Le montant de l’indemnité d’activité partielle (versée au salarié) sera égale à 70 % ou 60% du taux horaire brut de référence au titre de l’activité partielle x nombre d’heures éligibles à l’activité partielle. L’allocation d’activité partielle versée à l’employeur est plafonnée à 60% (ou 70% selon le secteur) de 4,5 SMIC horaire brut, c’est-à-dire 27,41€ (ou 31,98€) par heure chômée.

Si nous reprenons l’exemple précédent, l’indemnisation sera égale à :

91h chômées x 21.43€ x ou 70% = 1365.09€

L’employeur a-t-il la possibilité d’indemniser au-delà des 70% ou 60% légaux pour maintenir le salaire net ou brut habituel du salarié ?

Il est tout à fait possible pour un employeur de décider d’indemniser l’activité partielle au-delà des 70% ou 60% prévus par la loi.

A la suite de l’ordonnance du 27 mars 2020, dès lors qu’elle est mise en place par accord d’entreprise ou décision unilatérale de l’employeur, ces indemnités complémentaires suivent le même régime que l’indemnité légale d’activité partielle mais dans une certaine limite depuis le 1er mai 2020.

  • Lorsque la somme des indemnités horaires légales et des indemnités horaires complémentaires est inférieure ou égale à 3,15 fois la valeur du SMIC horaire soit 31,97 euros, les indemnités complémentaires sont intégralement soumises au même régime social que les indemnités légales c’est-à-dire exonérées ;
  • Lorsque la somme des indemnités horaires légales et des indemnités horaires complémentaires est supérieure à 31,97 euros, la part de l’indemnité complémentaire supérieure à ce montant est assujettie aux contributions et cotisations sociales applicables aux revenus d’activité.

Ainsi, dans le cas où l’indemnité légale est supérieure à 31,97 euros, les indemnités complémentaires seront intégralement soumises à cotisations et contributions sociales sur les revenus d’activité.

Dans le cas où l’indemnité légale est inférieure à cette limite seule la part des indemnités complémentaires qui conduit à franchir cette limite sont assujetties aux contributions et cotisations sociales applicables aux revenus d’activité.

Ces nouvelles dispositions relatives à l’assujettissement aux cotisations et contributions sociales des indemnités complémentaires sont applicables aux heures d’activité partielle réalisées à compter du 1er mai 2020. Les indemnités complémentaires versées par l’employeur entre le 1er mars et le 30 avril restent totalement exonérées de charges sociales (sauf CSG et CRDS).

A noter : Nous conseillons à l’employeur qui souhaite verser ce complément, de maintenir le salaire net plutôt que le salaire brut.
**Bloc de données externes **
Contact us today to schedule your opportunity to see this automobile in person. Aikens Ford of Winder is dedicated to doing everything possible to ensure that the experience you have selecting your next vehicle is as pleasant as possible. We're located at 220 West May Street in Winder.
En effet, du fait de l’exonération de charges sur l’indemnité activité partielle, maintenir le salaire brut reviendrait à verser un salaire net supérieur au salaire habituel.
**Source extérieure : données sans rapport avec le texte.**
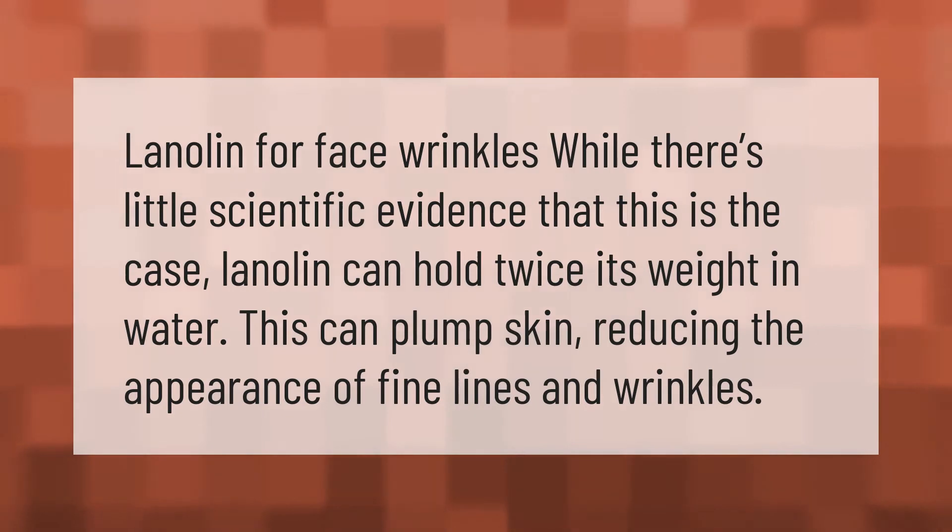Lanolin for face wrinkles: while there's little scientific evidence that this is the case, lanolin can hold twice its weight in water. This can plump the skin, reducing the appearance of fine lines and wrinkles.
Les sommes qui seraient versées au titre d’indemnisation d’heures chômées non indemnisables au titre de l’activité partielle car excédant la durée légale du travail sont assujetties, au même titre que les rémunérations, aux cotisations et contributions sociales. Par exemple, un salarié est embauché pour 39h par semaine. Le complément d’indemnisation versée par l’employeur dans la limite de 35h par semaine sera exonéré de charges. En revanche, si l’employeur indemnise les heures au-delà de 35h (4h ici), cette indemnisation sera entièrement soumise à charges sociales.

Quel est l’impact de l’activité partielle sur le régime de prévoyance et sur la complémentaire santé ?

Les régimes de santé et de prévoyance sont maintenus au bénéfice des salariés en situation d’activité partielle, malgré la suspension du contrat de travail.

En cas d’activité partielle « totale » (le contrat est complètement suspendu), le salarié peut donc continuer à bénéficier de la complémentaire santé d’entreprise en cas de besoin ainsi que du régime de prévoyance.